Bahrain, meanwhile, in forecasting the end of the oil economy, is setting itself up, through yet another building boom, to become a tourist attraction and offshore financial services hub. To do so, Bahrain has turned to “innovative offshore developments and land reclamation projects.”
Then there’s Baghdad, and “Bremer walls” (huge, ubiquitous, monolithic concrete blast shields –
– somewhere between Stonehenge and fortress urbanism, and named after the well-groomed Mr. Paul Bremer himself [a former reinsurance executive: this PDF is amazingly informative in that regard]), and this article about Lieutenant James Vandenberg’s tour of duty as a “combat architect” in that fabled city.
Finally, because I’m running out of steam: London. LNDN.bldg.
London now looks forward to “31 major new developments… all £100bn worth of them, including the 2012 Lea Valley Olympic Park.” That equates to “400,000 new homes, around 8m square feet of new offices (four Empire State Buildings’ worth),” as well as “so many secret, or simply obscure, developments” that the New London Architecture centre (aka NLA) was created at least partially to help make sense of it all.
Brief questions: where is all this material coming from? I know new earth’s crust is continually being formed near the core/mantle boundary, for instance, and that superplumes of volcanic matter form massive geological features such as the Ontong-Java undersea Plateau, but you can only build so much architecture before you start to carve quite deeply into the planet. So: where are the negative spaces of these building booms? For every skyscraper in Ürümqi, is there a corresponding hole, quarry, or mine being dug or deepened somewhere in Kazakhstan? Or Montana? The Canadian arctic?
Like the urban geology walks mentioned in a recent BLDGBLOG post, could you do a geophysical tour of the earth’s voids, where huge quantities of mineral reserves and raw metals have been excavated, to say: this was Shanghai? Here is the hole that was transformed into Beijing?
The empty flats of Berlin, the New Ring of Moscow, New London Architecture – all rearrangements, transformations of the void, ever-deepening holes as we strip-mine the face of the planet.
This is a great post, the coverage of the worldwide building boom is very fresh. Regarding negative space keep in mind that most buildings and places where people live are mostly air, like ships.
Now, I love your blog, and this is a very interesting piece, but let me take issue with the ending bit about mining.
It's important to keep some perspective when talking about where the material for buildings come from. Remember, buildings are largely hollow; mining is not. Consolidate your buildings into piles of rubble and there's still a lot of air. So now condense your cities down even further, keeping in mind that there's a lot of water/concrete in there too.
Compare this to the extreme enormity of the earth's crust. Did you realize that the depth of the Mariana Trench is, to scale, far smoother than a billiard ball? And that is only around 1/6th to 1/7th the depth of the earth's continental crust.

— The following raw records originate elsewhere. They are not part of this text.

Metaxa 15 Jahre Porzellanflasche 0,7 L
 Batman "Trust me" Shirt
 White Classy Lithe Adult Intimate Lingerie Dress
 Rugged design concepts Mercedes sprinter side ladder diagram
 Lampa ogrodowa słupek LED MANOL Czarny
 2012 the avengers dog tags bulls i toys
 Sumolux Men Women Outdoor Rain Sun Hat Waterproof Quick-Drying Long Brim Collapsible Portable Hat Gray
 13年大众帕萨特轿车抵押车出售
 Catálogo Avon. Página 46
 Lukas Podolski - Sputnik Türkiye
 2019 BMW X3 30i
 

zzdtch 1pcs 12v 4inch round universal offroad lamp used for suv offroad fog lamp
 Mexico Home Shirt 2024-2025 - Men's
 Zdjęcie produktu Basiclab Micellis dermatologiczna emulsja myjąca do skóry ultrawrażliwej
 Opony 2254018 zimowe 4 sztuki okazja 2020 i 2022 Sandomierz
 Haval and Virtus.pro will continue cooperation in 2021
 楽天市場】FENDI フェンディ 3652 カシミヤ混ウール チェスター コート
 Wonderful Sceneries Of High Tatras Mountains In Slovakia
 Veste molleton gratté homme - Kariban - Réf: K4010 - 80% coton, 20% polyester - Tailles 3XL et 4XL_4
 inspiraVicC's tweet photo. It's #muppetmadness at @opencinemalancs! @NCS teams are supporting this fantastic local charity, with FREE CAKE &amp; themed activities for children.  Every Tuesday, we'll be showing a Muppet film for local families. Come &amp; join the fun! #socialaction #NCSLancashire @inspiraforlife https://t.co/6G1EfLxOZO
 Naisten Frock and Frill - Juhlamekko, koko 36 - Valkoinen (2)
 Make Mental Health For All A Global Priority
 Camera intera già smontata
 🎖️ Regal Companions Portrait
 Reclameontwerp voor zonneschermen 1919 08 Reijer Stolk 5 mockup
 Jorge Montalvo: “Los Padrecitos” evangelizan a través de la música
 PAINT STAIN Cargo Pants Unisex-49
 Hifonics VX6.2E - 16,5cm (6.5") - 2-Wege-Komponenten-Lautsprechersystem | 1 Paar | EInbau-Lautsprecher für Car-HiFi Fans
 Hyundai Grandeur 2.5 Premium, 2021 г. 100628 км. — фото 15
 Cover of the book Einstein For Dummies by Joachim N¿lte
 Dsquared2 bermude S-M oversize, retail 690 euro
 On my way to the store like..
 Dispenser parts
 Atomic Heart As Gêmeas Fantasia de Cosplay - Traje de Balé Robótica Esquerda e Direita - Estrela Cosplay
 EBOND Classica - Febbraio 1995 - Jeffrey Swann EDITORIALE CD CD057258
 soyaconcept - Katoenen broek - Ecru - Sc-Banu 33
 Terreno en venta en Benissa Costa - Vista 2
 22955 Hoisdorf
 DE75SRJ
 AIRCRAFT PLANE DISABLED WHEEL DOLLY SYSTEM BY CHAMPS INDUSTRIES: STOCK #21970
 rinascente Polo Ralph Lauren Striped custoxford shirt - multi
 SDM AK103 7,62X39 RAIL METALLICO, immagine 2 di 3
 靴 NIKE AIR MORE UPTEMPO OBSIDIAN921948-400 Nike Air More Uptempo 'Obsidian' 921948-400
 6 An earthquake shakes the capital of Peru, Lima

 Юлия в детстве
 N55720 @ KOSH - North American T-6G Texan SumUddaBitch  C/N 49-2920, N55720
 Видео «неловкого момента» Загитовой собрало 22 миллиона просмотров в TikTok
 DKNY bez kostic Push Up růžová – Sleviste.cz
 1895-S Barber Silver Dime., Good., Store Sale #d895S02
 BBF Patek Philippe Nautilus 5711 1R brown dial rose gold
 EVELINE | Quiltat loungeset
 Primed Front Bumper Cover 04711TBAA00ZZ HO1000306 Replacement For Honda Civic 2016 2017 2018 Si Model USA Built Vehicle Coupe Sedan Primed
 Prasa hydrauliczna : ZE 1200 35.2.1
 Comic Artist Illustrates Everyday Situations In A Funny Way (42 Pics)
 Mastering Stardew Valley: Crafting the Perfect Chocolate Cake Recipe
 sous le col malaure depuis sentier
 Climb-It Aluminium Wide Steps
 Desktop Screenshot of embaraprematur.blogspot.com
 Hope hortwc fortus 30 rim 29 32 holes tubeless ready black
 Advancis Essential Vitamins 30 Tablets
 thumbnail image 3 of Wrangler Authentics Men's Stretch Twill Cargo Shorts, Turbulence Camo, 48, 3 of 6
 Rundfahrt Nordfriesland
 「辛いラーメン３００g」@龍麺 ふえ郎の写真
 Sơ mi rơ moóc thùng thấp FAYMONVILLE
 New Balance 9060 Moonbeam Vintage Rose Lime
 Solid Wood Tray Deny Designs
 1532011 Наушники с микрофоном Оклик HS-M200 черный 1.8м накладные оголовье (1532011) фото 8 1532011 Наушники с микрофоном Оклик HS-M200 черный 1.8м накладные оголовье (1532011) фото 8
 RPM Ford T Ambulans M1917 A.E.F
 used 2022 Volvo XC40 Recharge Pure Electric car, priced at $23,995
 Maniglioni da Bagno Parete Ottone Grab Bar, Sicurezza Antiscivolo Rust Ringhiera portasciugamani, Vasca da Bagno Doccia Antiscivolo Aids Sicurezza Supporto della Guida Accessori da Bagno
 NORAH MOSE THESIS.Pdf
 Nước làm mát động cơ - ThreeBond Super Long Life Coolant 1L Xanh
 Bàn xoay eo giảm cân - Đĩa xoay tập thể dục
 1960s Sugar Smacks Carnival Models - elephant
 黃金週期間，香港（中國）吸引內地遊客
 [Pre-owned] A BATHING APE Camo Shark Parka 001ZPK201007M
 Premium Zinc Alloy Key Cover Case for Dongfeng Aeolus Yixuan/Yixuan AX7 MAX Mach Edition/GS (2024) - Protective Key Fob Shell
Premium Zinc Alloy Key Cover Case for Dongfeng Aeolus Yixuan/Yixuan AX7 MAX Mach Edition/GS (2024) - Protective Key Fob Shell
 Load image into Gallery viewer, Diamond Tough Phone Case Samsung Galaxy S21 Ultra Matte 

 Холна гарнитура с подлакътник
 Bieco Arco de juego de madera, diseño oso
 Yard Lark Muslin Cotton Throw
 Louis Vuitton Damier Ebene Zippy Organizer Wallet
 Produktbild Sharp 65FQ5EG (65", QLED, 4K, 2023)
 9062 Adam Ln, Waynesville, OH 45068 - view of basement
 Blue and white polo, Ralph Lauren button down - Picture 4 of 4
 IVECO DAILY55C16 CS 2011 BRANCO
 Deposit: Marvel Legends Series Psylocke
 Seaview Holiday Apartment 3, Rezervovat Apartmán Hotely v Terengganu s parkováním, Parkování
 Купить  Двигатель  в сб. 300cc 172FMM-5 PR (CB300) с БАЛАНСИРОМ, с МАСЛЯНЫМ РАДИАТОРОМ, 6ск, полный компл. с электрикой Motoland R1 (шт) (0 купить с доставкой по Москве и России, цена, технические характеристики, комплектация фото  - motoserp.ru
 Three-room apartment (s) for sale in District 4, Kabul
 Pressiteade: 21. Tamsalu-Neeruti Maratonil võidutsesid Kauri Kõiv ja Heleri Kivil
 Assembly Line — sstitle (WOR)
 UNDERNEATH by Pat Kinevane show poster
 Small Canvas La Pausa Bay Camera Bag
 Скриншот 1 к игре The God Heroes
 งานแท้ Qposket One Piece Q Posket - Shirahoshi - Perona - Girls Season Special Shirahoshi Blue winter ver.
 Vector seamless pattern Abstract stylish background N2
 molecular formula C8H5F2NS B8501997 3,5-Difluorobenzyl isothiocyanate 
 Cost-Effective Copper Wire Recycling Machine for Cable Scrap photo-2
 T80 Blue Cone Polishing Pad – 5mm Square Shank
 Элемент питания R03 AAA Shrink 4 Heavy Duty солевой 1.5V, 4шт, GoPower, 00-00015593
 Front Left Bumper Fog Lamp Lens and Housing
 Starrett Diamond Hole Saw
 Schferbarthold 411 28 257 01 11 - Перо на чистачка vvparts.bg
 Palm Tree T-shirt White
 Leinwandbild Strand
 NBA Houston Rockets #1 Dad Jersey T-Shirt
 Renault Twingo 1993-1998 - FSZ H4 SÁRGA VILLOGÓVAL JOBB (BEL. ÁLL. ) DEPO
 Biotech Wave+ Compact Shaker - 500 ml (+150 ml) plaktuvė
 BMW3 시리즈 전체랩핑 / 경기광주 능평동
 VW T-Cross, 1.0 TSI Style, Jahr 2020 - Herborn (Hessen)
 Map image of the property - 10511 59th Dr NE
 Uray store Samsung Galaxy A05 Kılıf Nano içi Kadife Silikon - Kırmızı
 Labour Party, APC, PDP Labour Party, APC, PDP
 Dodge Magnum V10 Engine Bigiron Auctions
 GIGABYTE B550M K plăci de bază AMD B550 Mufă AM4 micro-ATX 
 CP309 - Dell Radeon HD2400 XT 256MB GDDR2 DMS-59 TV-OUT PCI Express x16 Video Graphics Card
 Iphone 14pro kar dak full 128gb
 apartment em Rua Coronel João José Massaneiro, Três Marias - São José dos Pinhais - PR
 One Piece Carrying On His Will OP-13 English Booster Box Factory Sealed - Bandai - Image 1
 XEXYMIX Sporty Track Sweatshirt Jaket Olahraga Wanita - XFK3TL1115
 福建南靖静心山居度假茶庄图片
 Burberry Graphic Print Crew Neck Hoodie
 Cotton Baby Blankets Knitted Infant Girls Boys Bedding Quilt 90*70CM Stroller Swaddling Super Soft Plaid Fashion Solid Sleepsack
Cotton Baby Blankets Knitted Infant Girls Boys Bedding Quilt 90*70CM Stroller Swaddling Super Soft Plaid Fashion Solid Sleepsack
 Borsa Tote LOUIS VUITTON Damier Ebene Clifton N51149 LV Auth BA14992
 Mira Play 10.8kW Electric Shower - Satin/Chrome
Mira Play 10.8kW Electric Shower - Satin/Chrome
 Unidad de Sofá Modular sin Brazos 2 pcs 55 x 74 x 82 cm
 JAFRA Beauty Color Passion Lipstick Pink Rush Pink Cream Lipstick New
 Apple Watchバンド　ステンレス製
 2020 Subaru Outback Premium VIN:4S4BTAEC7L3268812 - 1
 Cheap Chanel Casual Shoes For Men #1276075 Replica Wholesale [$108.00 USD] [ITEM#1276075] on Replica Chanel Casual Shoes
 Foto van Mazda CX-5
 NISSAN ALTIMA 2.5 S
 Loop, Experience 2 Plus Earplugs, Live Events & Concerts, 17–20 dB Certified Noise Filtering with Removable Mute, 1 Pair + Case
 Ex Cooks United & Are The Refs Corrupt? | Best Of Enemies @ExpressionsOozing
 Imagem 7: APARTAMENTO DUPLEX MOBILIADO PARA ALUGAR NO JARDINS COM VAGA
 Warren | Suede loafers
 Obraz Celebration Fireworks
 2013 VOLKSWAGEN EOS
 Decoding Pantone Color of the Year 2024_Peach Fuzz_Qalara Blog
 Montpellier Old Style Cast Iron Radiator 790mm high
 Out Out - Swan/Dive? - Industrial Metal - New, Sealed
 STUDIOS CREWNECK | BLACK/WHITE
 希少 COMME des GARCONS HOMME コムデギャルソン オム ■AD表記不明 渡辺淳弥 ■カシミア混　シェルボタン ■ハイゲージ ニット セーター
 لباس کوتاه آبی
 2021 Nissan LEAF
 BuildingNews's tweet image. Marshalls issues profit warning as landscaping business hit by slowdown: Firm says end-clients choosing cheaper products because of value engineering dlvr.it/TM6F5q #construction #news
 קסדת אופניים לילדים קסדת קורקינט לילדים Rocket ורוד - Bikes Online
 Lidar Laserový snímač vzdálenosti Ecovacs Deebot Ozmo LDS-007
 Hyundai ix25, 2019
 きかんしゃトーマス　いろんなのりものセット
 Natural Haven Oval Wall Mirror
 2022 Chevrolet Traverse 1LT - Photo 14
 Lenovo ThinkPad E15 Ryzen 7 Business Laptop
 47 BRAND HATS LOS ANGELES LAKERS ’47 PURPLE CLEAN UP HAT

Compare THAT to the deepest mine in the world, Mponeng gold mine… about 1/2 the depth of the Mariana Trench. A casual search shows this is far less. Kiruna iron mine in Sweden claims to be the largest iron mine. It reaches down a mere 2km, just a little over a mile. The iron it's mining is 4km long… and about 120m wide at the widest. In over 100 years it's put out around 950 Mt of iron and is only half finished.
You know buildings and volumes. You can calculate how miniscule that is. You can figure out what neighborhood or district that compares to in your favourite city in terms of volume.